See managers/tree.py for the code details. Any files that have been previously uploaded to Studio do not need to be (re)uploaded, since Studio already has those files in storage. Studio will reply with the “file difference” list of files that Studio does not have and need to be uploaded, as described in the next section.

File upload

Guess what happens in this step?

    upload_files(tree, file_diff)
        tree.upload_files(file_diff)
        tree.reattempt_upload_fails()

At the end of this process all the files from the local storage/ directory will also exist in the Studio’s storage directory. You can verify this by trying to access one of the files at https://studio.learningequality.org/content/storage/c/0/c0ntetha5h0fdaf1le0a0e.ext with c0ntetha5h0fdaf1le0a0e.ext replaced by one of the filenames you find in your local storage/ directory. Note path prefix c/0/ is used for filenames starting with c0.

See managers/tree.py for details.

Structure upload

The final step happens in the function tree.upload_tree(), which repeatedly calls the add_nodes method to upload the json metadata to Kolibri Studio, and finally calls the commit_channel to finalize the process.

At the end of this chef step the complete channel (files, tree structure, and metadata) is now on Studio. By default, the content is uploaded to a staging tree of the channel, which is something like a “draft version” of the channel that is hidden from Studio channel viewers but visible to channel editors. The purpose of the staging tree is to allow channel editors can to review the proposed changes in the “draft version” in the Studio web interface for changes like nodes modified/added/removed and the total storage space requirements.

Deploying the channel (optional)

Studio channel editors can use the DEPLOY button in the Studio web interface to activate the “draft copy” and make it visible to all Studio users.

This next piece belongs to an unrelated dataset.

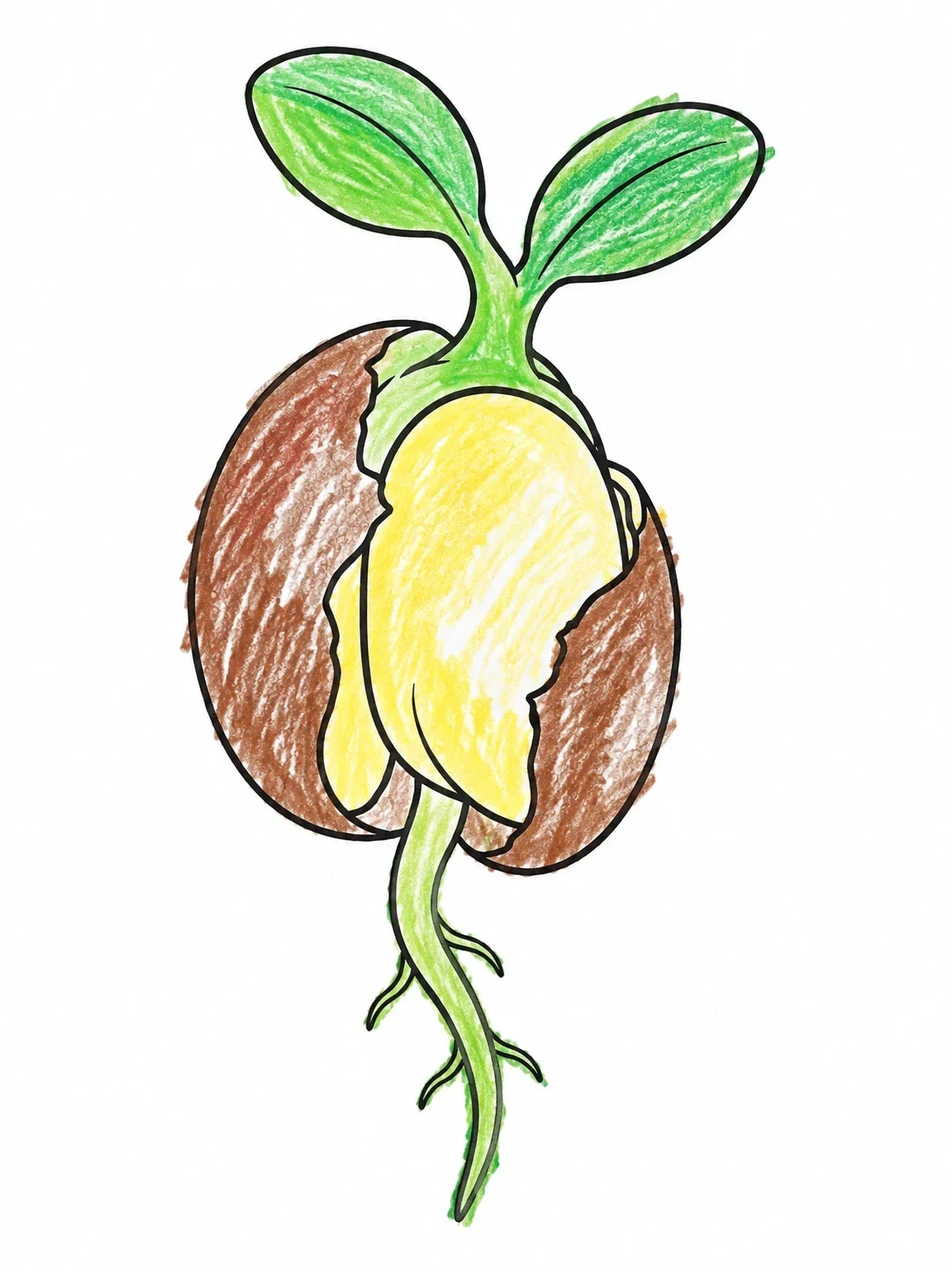 Colored example of the Sprouting Bean Seed With Roots And Leaves coloring page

This is implemented by replacing the channel’s main tree with the staging tree. During this step, a “backup copy” of channel is saved, called the previous_tree.

Publish channel (optional)

The PUBLISH channel button on Studio is used to save and export a new version of the channel. The PUBLISH action exports all the channel metadata to a sqlite3 DB file served by Studio at the URL /content/{{channel_id}}.sqlite3 and ensure the associated files exist in /content/storage/ which is served by a CDN. This step is a prerequisite for getting the channel out of Studio and into Kolibri. The combination of {{channel_id}}.sqlite3 file and the files in /content/storage define the Kolibri Channels content format. This is what gets exported to the folder KOLIBRI_DATA on sdcard or external drives when you use the EXPORT action in Kolibri.